Duncan isn’t the only top mortgage official who believes that it’s getting easier for borrowers to qualify for mortgage loans today. The Mortgage Bankers Association’s January Credit Availability Index — which, as its name suggests, measures how easy or difficult it is to qualify for mortgage loans at a given time — showed the same thing.
The association’s Mortgage Credit Availability Index increased 1.85 percent from 110.9 in December to 113 in January. Those numbers probably don’t mean much to you. What’s important to know, though, is that when the credit index increases it means that mortgage lenders are loosening their credit standards, meaning that it’s easier to qualify for a mortgage loan.
And that’s exactly what happened in the January version of the index.
Mike Fratantoni, chief economist for the Mortgage Bankers Association, said in a written statement that it’s especially getting easier for borrowers to qualify for jumbo mortgage loans, those loans of more than $417,000 in most parts of the country or more than $625,500 in more expensive parts of the country.
There might be a fairly obvious reason behind these loosening credit standards: A smaller number of homeowners are falling behind on their monthly mortgage payments today.

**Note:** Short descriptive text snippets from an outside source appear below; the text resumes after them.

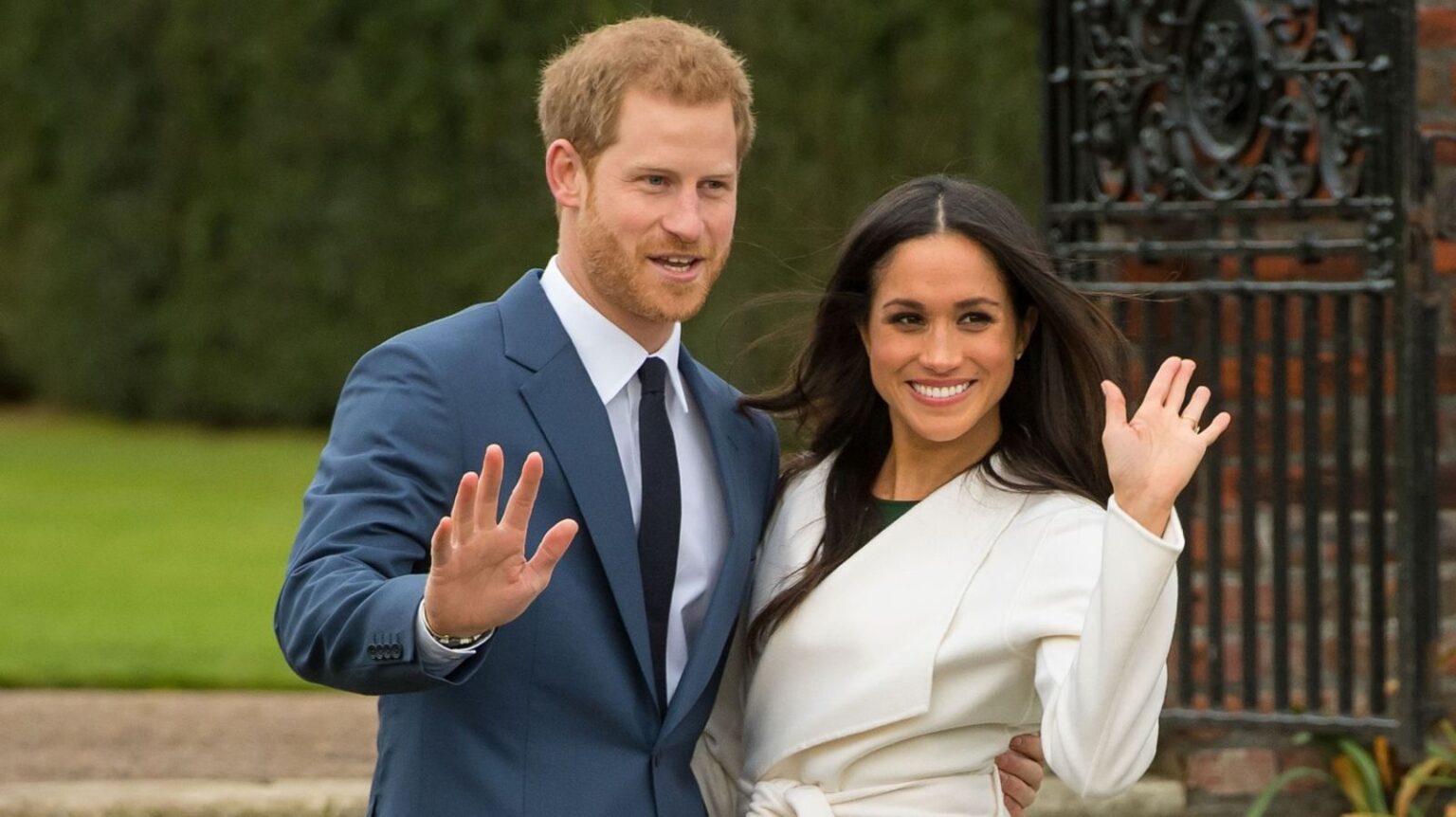 Who will walk Meghan Markle down the aisle at the royal wedding?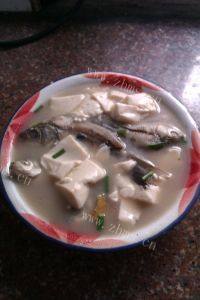 好吃的豆腐鲫鱼汤做法图解10)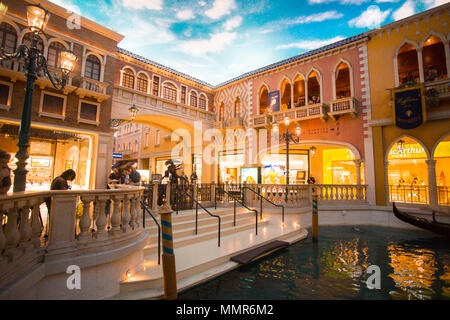 LAS VEGAS, NEVADA - Mai 18, 2017 : vue de l'intérieur du Grand Canal au Venetian Hotel Casino Resort de Las Vegas magnifique avec des gens et télécabine de vie Banque D'Images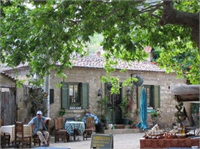 Adatepe köyünde sabun haneden bozma taş binada kafe ve Rumlardan kalma taş evlerde pansiyon işletmeciliği yapan Nur ve Melike As kardeşler köyde tamamen doğal ortamda yaşam ve tatil olanağı bulunduğunu söylüyor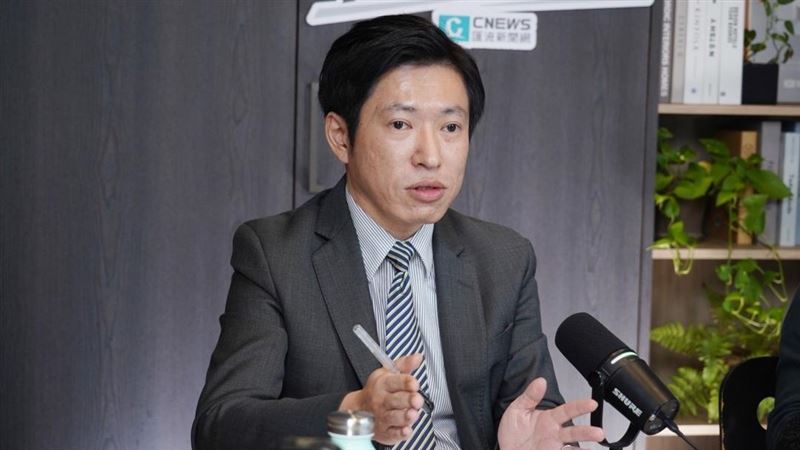 凌濤稱賴烤肉全民買單！府高層秀發票打臉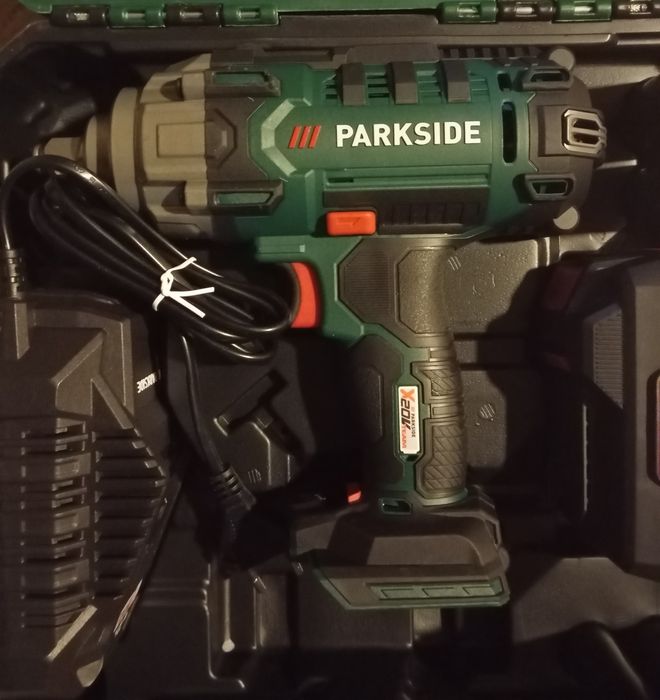 Aparafusadora de impacto 20V Parkside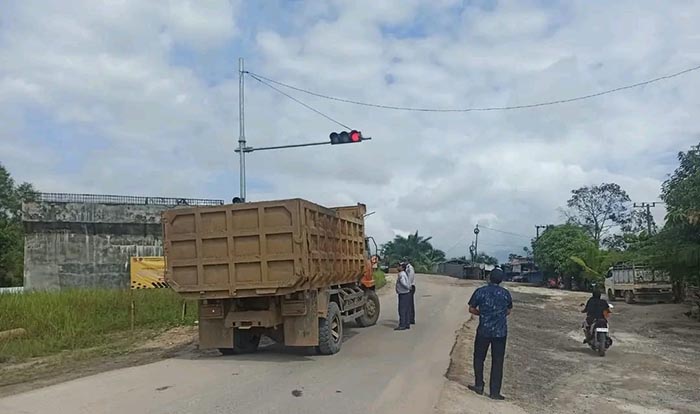 Lampu pengatur lalu lintas baik dari arah Kotawaringin Lama maupun dari arah Bundaran Tudung Saji yang tidak berfungsi mengakibatkan kesemrawutan kendaraan yang melintas
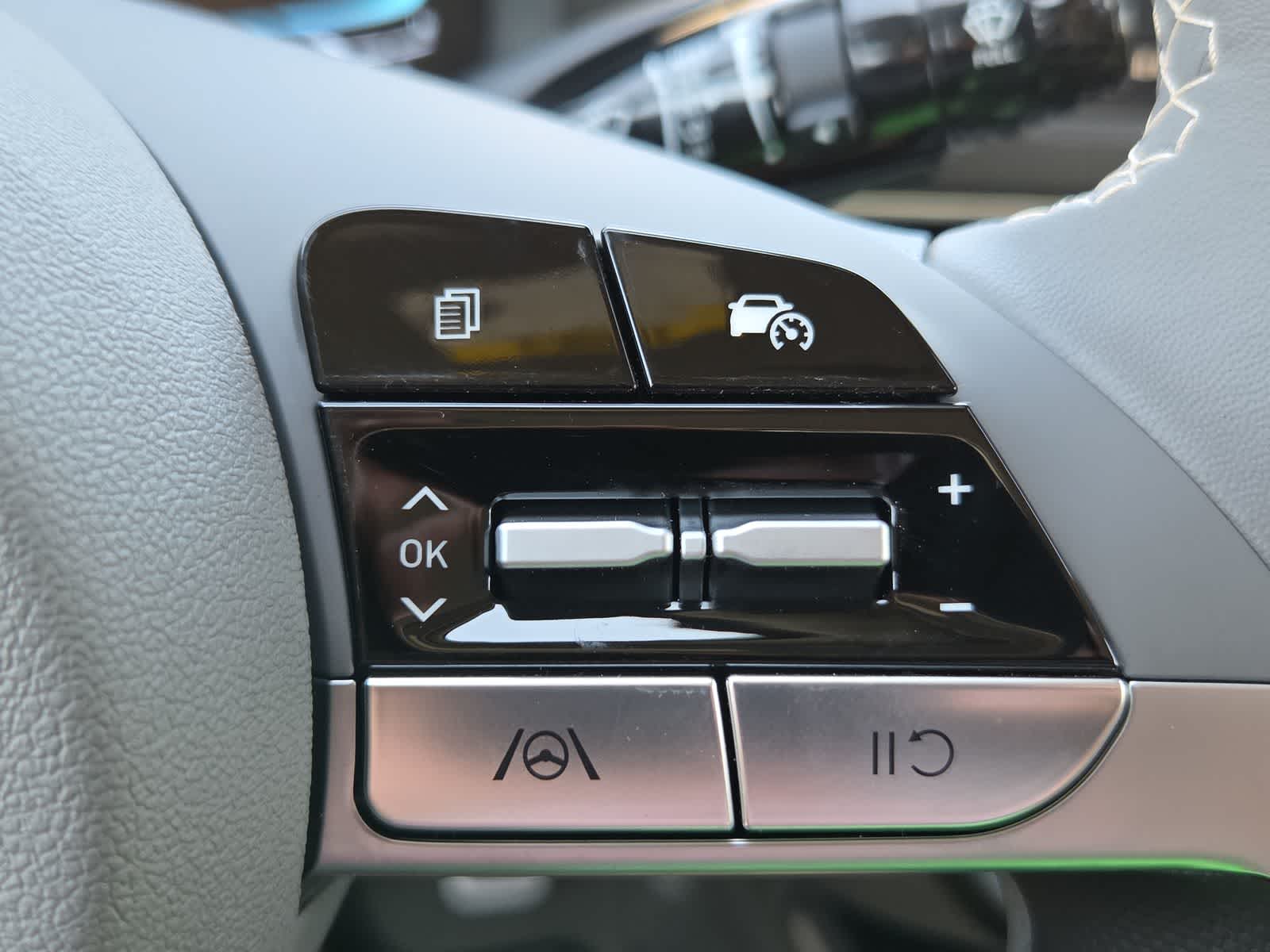 Thumbnail: 2026 Hyundai Elantra - 23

The Mortgage Bankers Association said that the delinquency rate for mortgage loans on one- to four-unit resident properties fell to 6.41 percent of all mortgage loans at the end of the third quarter of 2013. That’s the lowest this figure has been since the second quarter of 2008.
This delinquency rate also dropped 55 basis points from the second quarter of 2013 and 99 basis points from the same quarter in 2012.
Of course, this doesn’t mean that just anybody can qualify for a mortgage loan today. The federal government’s new Qualified Mortgage rules state that borrowers’ monthly debts, including their estimated new mortgage payments, should total no more than 43 percent of their gross monthly incomes. Expect, then, to struggle to qualify for a loan if your debt-to-income ratio is higher than that.
Lenders are still looking closely at credit scores today. If you want to qualify for the lowest interest rates, you should still aim for a score of 740 or higher on the FICO credit score, though you can probably get a mortgage loan with a credit score of 640 or higher today from most lenders.